1. Intuition Behind Taylor Series

A function's value near a point can be approximated by its value, slope, curvature, and higher-order derivatives at that point. Think of zooming into a curve: It looks like a line (first-order), then a parabola (second-order), and so on.

Formally, Taylor series expand f(x) around a as an infinite polynomial:

[ f(x) \approx f(a) + f'(a)(x-a) + \frac{f''(a)}{2!}(x-a)^2 + \frac{f^{(3)}(a)}{3!}(x-a)^3 + \cdots ]

Maclaurin series: Special case at a=0.

ML Connection

  • Linearize non-linear models for optimization (Newton's method).
  • Approximate activations (e.g., sigmoid) for faster computation.

INFO

Taylor series turn wiggly functions into manageable polynomials, like fitting a curve with straight segments.

Everyday Example

  • sin(x) near 0: sin(x) ≈ x - x^3/6, good for small x.

2. Formal Definition of Taylor Series

For f infinitely differentiable at a, Taylor series:

[ f(x) = \sum_{n=0}^\infty \frac{f^{(n)}(a)}{n!}(x-a)^n ]

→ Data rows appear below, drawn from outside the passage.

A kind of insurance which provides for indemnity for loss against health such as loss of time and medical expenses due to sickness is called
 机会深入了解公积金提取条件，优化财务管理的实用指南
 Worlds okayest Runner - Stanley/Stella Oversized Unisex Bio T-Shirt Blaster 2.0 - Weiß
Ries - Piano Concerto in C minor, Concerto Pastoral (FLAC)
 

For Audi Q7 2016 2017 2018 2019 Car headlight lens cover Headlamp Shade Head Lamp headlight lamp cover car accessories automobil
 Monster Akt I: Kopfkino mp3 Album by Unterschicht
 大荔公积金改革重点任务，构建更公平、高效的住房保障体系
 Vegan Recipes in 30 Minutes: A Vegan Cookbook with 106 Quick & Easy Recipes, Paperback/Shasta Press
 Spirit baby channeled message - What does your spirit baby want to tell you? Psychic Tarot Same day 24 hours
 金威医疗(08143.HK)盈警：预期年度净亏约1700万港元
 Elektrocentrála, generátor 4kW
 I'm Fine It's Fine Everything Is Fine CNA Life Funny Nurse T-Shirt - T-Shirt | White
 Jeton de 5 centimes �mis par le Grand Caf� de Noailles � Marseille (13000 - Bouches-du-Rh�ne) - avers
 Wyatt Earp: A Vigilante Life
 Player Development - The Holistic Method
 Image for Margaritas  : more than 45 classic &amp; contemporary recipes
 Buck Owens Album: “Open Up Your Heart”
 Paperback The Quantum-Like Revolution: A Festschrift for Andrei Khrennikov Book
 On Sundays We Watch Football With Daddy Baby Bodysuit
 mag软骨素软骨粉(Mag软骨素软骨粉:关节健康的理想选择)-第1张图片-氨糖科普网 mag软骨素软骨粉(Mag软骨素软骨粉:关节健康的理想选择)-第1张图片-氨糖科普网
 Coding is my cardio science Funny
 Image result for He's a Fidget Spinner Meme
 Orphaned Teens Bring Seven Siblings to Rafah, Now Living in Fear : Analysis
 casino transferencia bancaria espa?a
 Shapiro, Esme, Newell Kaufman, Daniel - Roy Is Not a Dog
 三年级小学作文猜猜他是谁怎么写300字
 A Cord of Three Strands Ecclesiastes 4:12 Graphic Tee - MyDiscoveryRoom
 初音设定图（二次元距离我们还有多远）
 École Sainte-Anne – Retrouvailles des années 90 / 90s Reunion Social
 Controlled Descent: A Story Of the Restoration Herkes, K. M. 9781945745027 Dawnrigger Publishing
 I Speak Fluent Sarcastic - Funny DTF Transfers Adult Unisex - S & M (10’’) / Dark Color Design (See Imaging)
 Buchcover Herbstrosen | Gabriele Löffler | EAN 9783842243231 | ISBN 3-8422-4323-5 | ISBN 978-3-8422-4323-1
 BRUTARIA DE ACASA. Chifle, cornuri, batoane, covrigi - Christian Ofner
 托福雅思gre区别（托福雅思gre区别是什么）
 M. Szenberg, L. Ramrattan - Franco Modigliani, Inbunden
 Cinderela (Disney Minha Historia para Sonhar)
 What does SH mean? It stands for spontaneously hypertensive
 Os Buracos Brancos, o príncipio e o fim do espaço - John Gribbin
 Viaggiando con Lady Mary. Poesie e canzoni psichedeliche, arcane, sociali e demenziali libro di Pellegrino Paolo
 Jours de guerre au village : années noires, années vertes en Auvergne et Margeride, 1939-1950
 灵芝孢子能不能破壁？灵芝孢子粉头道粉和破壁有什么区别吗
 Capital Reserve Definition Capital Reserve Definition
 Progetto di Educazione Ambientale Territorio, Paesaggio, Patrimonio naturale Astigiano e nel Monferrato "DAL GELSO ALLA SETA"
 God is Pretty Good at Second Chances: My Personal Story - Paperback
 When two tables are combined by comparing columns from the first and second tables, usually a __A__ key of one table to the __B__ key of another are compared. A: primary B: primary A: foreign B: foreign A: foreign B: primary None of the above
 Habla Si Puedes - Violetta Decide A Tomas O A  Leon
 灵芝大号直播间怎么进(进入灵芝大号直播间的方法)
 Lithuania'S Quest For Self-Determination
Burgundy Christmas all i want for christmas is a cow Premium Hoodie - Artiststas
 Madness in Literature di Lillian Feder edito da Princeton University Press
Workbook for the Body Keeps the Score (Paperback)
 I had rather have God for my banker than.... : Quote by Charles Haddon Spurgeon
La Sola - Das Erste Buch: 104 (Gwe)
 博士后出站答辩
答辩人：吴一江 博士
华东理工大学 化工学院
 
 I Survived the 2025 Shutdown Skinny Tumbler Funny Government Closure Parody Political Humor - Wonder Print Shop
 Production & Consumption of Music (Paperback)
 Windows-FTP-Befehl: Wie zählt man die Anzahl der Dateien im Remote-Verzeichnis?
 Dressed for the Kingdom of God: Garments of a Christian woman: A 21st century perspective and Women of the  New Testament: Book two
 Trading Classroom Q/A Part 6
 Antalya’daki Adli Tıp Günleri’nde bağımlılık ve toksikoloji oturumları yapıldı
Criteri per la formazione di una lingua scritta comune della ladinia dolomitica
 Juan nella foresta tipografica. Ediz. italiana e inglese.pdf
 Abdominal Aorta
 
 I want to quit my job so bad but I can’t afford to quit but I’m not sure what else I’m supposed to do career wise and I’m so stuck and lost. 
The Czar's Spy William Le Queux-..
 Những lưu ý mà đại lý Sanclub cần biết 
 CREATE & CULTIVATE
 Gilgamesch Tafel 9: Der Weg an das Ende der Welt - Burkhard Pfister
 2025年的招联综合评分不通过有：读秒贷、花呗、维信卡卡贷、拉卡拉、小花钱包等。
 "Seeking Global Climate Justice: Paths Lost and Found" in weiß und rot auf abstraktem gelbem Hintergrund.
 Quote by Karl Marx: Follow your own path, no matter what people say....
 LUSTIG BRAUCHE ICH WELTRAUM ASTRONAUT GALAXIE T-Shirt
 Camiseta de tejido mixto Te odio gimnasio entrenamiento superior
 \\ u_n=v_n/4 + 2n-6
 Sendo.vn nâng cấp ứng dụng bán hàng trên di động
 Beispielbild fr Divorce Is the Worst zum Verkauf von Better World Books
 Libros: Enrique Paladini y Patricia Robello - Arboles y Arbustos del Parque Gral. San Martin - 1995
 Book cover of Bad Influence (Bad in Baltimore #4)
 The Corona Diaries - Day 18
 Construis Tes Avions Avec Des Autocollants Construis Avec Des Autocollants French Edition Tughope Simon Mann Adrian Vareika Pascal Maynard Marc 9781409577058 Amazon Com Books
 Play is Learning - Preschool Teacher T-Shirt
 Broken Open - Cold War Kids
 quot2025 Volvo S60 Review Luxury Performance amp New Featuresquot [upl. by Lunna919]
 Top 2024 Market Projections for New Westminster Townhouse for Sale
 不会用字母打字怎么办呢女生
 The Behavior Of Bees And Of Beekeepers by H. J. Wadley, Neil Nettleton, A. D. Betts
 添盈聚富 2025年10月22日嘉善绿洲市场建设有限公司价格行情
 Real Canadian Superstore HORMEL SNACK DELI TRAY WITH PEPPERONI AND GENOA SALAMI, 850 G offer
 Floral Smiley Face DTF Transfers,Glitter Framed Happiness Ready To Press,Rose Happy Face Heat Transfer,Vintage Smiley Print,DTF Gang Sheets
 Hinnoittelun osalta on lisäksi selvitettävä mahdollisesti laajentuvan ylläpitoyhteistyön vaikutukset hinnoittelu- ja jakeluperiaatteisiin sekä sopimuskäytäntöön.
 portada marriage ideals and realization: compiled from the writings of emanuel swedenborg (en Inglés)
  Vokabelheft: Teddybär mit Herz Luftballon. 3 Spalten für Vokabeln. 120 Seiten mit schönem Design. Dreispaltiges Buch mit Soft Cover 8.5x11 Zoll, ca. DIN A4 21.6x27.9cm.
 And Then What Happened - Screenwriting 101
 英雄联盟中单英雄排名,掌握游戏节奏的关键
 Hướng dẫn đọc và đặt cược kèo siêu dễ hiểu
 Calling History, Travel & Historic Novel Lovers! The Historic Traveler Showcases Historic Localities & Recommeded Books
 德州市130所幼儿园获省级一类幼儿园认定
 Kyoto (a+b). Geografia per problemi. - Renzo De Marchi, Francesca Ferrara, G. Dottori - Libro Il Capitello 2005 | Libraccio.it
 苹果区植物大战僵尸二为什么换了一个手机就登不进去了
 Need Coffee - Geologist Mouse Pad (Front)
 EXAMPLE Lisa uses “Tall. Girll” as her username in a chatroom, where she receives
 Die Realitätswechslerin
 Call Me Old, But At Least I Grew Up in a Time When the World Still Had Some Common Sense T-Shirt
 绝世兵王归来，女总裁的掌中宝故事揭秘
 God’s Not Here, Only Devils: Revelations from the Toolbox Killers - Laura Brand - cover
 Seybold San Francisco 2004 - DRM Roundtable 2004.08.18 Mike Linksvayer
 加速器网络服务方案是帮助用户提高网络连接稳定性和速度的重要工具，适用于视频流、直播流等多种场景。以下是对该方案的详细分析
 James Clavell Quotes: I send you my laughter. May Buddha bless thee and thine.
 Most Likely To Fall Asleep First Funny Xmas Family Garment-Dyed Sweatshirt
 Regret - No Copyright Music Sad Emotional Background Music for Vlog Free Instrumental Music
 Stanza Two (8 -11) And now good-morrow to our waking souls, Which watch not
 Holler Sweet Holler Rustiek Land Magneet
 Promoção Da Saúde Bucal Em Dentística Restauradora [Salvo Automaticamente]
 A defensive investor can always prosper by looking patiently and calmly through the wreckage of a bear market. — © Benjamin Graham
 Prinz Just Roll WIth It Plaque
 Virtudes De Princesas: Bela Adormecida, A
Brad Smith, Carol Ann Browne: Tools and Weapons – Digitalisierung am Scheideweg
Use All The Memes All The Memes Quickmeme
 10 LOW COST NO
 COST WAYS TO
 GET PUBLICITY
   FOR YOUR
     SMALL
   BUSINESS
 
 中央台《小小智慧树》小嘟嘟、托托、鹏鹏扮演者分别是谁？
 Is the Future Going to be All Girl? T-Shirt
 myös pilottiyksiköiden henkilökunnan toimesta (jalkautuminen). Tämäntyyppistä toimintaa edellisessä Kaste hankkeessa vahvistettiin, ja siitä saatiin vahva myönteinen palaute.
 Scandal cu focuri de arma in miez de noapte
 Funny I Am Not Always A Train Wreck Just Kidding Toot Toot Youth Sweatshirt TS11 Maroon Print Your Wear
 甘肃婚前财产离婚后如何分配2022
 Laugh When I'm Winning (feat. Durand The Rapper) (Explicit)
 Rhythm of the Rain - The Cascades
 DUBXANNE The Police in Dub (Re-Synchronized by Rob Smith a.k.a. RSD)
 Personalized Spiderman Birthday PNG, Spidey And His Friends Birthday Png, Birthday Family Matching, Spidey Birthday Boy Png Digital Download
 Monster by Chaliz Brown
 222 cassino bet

Converges to f(x) within radius of convergence.

Conditions

  • Analytic: Equals series in interval.
  • Smoothness: Higher derivatives exist.

Maclaurin Examples

  • e^x = 1 + x + x^2/2 + x^3/6 + ...
  • sin(x) = x - x^3/3! + x^5/5! - ...
  • cos(x) = 1 - x^2/2! + x^4/4! - ...

ML Insight

  • Approximate loss surfaces for gradient descent analysis.

3. Convergence and Radius of Convergence

Series converges where |x-a| < R, R radius.

Ratio test: R = lim |a_n / a_{n+1}|.

Analytic functions (e.g., e^x, sin(x)): R=∞.

Non-analytic (e.g., 1/(1+x^2)): Limited R.

ML Application

  • Ensure approximations valid in optimization steps.

Example: ln(1+x), |x|<1, converges to ln(2) at x=1 conditionally.


4. Error Estimation and Remainder

Truncation error: R_n(x) = f(x) - P_n(x), P_n n-th degree Taylor.

Lagrange remainder: R_n(x) = f^{(n+1)}(c) (x-a)^{n+1} / (n+1)!, c between x,a.

Bounds

  • If |f^{(n+1)}| ≤ M, |R_n| ≤ M |x-a|^{n+1} / (n+1)!.

ML Insight

  • Bound errors in function approximations for robustness.

Example: sin(x) at x=0.1, n=1, R_1 ≤ |sin(c)| 0.1^2 / 2 ≤ 0.005.


5. Multivariable Taylor Series

For f(x,y) around (a,b):

[ f(x,y) \approx f(a,b) + f_x (x-a) + f_y (y-b) + \frac{1}{2} [f_{xx} (x-a)^2 + 2 f_{xy} (x-a)(y-b) + f_{yy} (y-b)^2] + ... ]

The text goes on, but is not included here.